Letters to the Editor

One week in January I wrote fierce Letters to the Editor of two very different newspapers. My targets were on both ends of the political spectrum: Conrad Black and Rick Salutin. Surely this establishes some kind of record.

In the National Post on Saturday, January 21, Conrad Black assailed a book that I recently published under my imprint: Trudeau Transformed, by Max and Monique Nemni. He made the mistake of mentioning that he had not actually read the second volume of the series he dismissed as “hagiographies” and was relying on the excerpts that he had read.

My letter, which the National Post featured prominently, pointed out that he had broken “the basic law for book reviewers, that it is impossible to review fairly and honestly a book that you have not read.” The letter went on with equal vigour.

In his next column, on Saturday, January 28, Conrad Black began, “I regret offending my cordial acquaintance Douglas Gibson.
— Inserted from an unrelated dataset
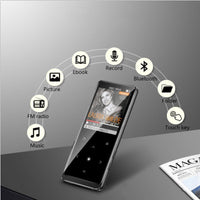 HKM-001811 Compact Touchscreen E-Book Player with 16GB Storage and 72-Hour Battery Life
And I salute him for coming to the defence of his authors, Max and Monique Nemni, biographers of Pierre Trudeau. I think I can set his mind at ease on some points.”

What follows strikes me as coming as close to an apology as Mr. Black can manage. Watch this space to see if he goes on to read and review the disputed book.

By way of contrast, in his Friday, January 21, column in the Toronto Star, Rick Salutin took aim at the respect shown for storytelling skills. His provocative headline “Enough with the Storytelling” was enough to rouse me, the author of a book entitled Stories About Storytellers, to protest in print. In my response, I praised the central role of storytelling, not only in our fiction, but in our non-fiction writers, too, including our politicians. I suggested that history shows that success – in elections, in courtrooms, in contract bids, and in book sales – goes to the person who tells the best story.

I would even go so far as to say that storytelling, like the opposable thumb, is a basic human characteristic. And stories, which allow us to get inside the heads and hearts of other people, are perhaps the original “social media.”